This court has already rejected the precise argument asserted by plaintiffs. In In re Silicon Graphics, 970 F.Supp. 746 (N.D.Cal. 1997), this court properly took judicial notice of SEC filings not referenced in the complaint which were the sources for plaintiffs' allegations of insider stock trading. "Although plaintiffs do not cite to defendants' SEC forms in framing their insider trading allegations, the allegations can only be derived from those publicly filed documents," so judicial notice on a motion to dismiss was proper. Id. at 759. Where SEC filings are the source of the allegations, plaintiffs "cannot preclude consideration of defendants' SEC forms by artful pleading." Id. at 759.
Nor is Silicon Graphics the maverick opinion that plaintiffs suggest. On a motion to dismiss, judicial notice is routinely taken of documents "whose contents are alleged in the complaint and whose authenticity no party questions. . . ." Branch v. Tunnell, 14 F.3d 449, 454 (9th Cir. 1994)(emphasis added); In re Stac Electronics Sec. Litig., 89 F.3d 1399, 1405 n.4 (9th Cir. 1996), cert. denied, 117 S.Ct. 1105 (1997); In re Syntex Corp. Sec. Litig., 95 F.3d 922, 926 (9th Cir. 1996). Documents which are "integral" to the complaint, but are not fully quoted in it, are also considered on dismissal motions. San Leandro Emergency Med. Group Profit Sharing Plan v. Phillip Morris, 75 F.3d 801, 808-9 (2d Cir. 1996); Cortec Indus. v. Sum Holding, L.P., 949 F.2d 42, 47 (2d Cir. 1991), cert. denied, 503 U.S. 960 (1992); see also Aizuss v. Commonwealth Equity Trust, 847 F.Supp. 1482, 1488 n.6 (E.D.Cal. 1993); In re Donald Trump Sec. Litig., 7 F.3d 357, 368 n.9 (3d Cir. 1993), cert. denied, 510 U.S. 1178 (1994); I. Meyer Pincus & Assoc. v. Oppenheimer & Co., Inc., 936 F.2d 759, 762 (2d Cir. 1991)(same).
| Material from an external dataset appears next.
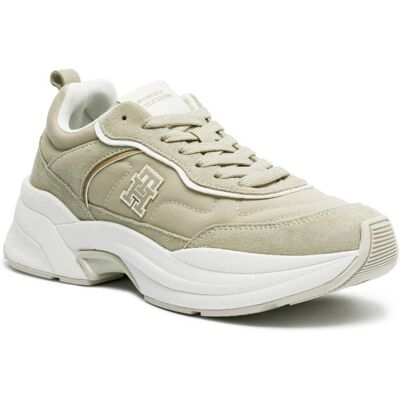 Tommy Hilfiger Sneakersy zamsz khaki 39 Tommy Hilfiger Sneakersy zamsz khaki 39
Documents "not attached to the complaint or incorporated by reference" can be considered on a motion to dismiss if "the documents are integral to the complaint and the claims alleged therein" and the plaintiff has "notice of them and an opportunity to respond to them" before the court's ruling. Heathcote Associates v. Chittenden Trust Co., 958 F.Supp. 182, 184-85 (D.Vt. 1997); Watterson v. Page, 987 F.2d 1, 3 (1st Cir. 1993)("[C]ourts have made narrow exceptions for documents the authenticity of which are not disputed by the parties; for official public records; for documents central to plaintiffs' claim; or for documents specifically referred to in the complaint"). Documents outside the complaint should be considered on a motion to dismiss (rather than converting it to a summary judgment motion) if the plaintiff had the document and based his complaint upon it, and if the plaintiff had notice of the court's consideration of the document and an opportunity to respond. Haskell v. Time, Inc., 857 F.Supp. 1392, 1397 (E.D.Cal. 1994) (consideration of exemplar documents submitted by defendants is proper on a motion to dismiss where plaintiff concedes "he certainly had exemplars either identical to or very similar to the ones provided by defendants when drafting the complaints" and plaintiff was on notice that defendants would base the motion to dismiss on the exemplars). Any other rule would allow a "plaintiff with a legally deficient claim [to] survive a motion to dismiss simply by failing to attach a dispositive document on which it relied." Pension Benefit Guar. Corp. v. White Consol. Indus., Inc., 998 F.2d 1192, 1196 (3d Cir. 1993).6
Here, plaintiffs do not dispute that the allegations of the date and amount of Rao's stock sales are transcribed from the 1996 TCSi Proxy Statement. The Complaint concedes that it is based upon "SEC filings." (Complaint, ¶ 124). Plaintiffs have not identified any other source for this information despite their obligation under the Reform Act to state any such source. 15 U.S.C. § 78u-4(b)(1). Plaintiffs concede that the stock sale allegation is central to their scienter claim against defendants. (Opp. at 36). While the 1996 Proxy Statement is not attached to the Complaint or specifically incorporated by reference, its "contents" -- the stock data for Rao -- are alleged, and it is "integral" to plaintiffs' complaint. This court should not tolerate plaintiffs' selective attempt to allege stock sales from the Proxy Statement but to suppress consideration of the remaining portions of that document, which confirm Rao's retention of vested options and negate any inference of scienter. If judicial notice were not taken under these circumstances, "complaints that quoted only selected and misleading portions of such documents could not be dismissed under Rule 12(b)(6) even though they would be doomed to failure." Kramer v. Time Warner, Inc., 937 F.2d 767, 774 (2d Cir. 1991).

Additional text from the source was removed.